For Elves to work in Modern, you’d need the texture of the format to be similar to Legacy, which it isn’t. If Elves were a good deck in Modern based on its own merits, you’d probably find out. Instead of trying to straight port decks, you should be looking for different areas to exploit.

If you were used to playing Delver and tried to make Delver work the entirety of last season (and your name isn’t Joseph Pinkley), you probably weren’t having fun. Your options were play Delver and get smashed or play a deck you don’t know how to play and get smashed.

If you’re like me and can play one or two archetypes reasonable well but often make poor decisions with the other archetypes, it can be very frustrating if your favorite archetype isn’t viable. You might struggle with some poor results initially and eventually grow as a player, but we all want that instant gratification.
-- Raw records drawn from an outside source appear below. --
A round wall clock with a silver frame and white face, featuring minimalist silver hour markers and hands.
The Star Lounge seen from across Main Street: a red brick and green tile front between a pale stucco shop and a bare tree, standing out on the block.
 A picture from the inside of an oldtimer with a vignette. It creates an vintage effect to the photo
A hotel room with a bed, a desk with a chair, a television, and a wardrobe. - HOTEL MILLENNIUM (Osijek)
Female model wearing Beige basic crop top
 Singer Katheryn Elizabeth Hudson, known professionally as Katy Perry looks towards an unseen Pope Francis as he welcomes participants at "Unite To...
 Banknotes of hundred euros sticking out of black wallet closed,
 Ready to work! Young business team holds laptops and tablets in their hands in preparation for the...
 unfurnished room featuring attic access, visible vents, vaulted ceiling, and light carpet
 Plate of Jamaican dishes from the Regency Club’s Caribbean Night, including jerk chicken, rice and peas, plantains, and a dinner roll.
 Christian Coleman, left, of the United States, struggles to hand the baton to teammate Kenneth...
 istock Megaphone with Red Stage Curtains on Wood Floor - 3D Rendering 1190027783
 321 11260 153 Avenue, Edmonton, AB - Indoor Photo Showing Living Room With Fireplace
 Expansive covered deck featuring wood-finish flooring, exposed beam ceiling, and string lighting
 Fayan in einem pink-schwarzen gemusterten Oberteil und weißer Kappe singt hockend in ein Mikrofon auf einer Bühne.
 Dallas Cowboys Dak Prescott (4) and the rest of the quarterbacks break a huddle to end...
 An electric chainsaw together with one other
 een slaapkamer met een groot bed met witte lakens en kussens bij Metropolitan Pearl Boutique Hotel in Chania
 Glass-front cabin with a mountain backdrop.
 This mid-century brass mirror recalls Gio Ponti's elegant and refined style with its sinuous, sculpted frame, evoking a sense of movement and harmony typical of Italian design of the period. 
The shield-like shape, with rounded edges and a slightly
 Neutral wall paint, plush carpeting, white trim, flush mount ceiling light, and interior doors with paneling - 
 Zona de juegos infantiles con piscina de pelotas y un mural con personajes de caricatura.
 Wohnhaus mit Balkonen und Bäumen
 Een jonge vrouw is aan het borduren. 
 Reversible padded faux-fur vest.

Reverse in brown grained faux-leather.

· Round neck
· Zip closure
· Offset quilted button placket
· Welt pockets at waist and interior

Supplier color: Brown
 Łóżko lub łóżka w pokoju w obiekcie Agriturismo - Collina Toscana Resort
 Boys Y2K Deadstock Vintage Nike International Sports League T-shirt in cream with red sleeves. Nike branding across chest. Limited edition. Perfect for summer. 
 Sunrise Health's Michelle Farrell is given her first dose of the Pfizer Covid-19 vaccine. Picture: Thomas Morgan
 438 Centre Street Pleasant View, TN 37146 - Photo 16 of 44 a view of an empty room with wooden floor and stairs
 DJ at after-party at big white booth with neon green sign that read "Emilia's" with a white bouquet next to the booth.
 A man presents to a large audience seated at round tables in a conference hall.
Why, then, am I trying to port Super Friends from three years ago?

Well, I’m not. Duh.

As you may know, I’m not very familiar with tapout control. I’ve tried it a few times, but it must be an acquired taste. It’s not smooth, I rarely have as many options as I’d like, and the spells are all very expensive. Instead of trying to port the deck, I’m trying to find a baseline to build off of because I’m pretty sure that if I built it from scratch, I’d do it wrong (like I did with my initial U/W/R Control decklist).

I know that U/W Control in Theros Standard will at least be loosely tapout style. Jace, Architect of Thought; Elspeth, Sun’s Champion; Aetherling; and Detention Sphere are all cards that you probably have to play somewhere in your 75. There are no great options for drawing a card or two if you opponent doesn’t walk into your Syncopate. Instead, your mana goes unused, and you risk missing land drops.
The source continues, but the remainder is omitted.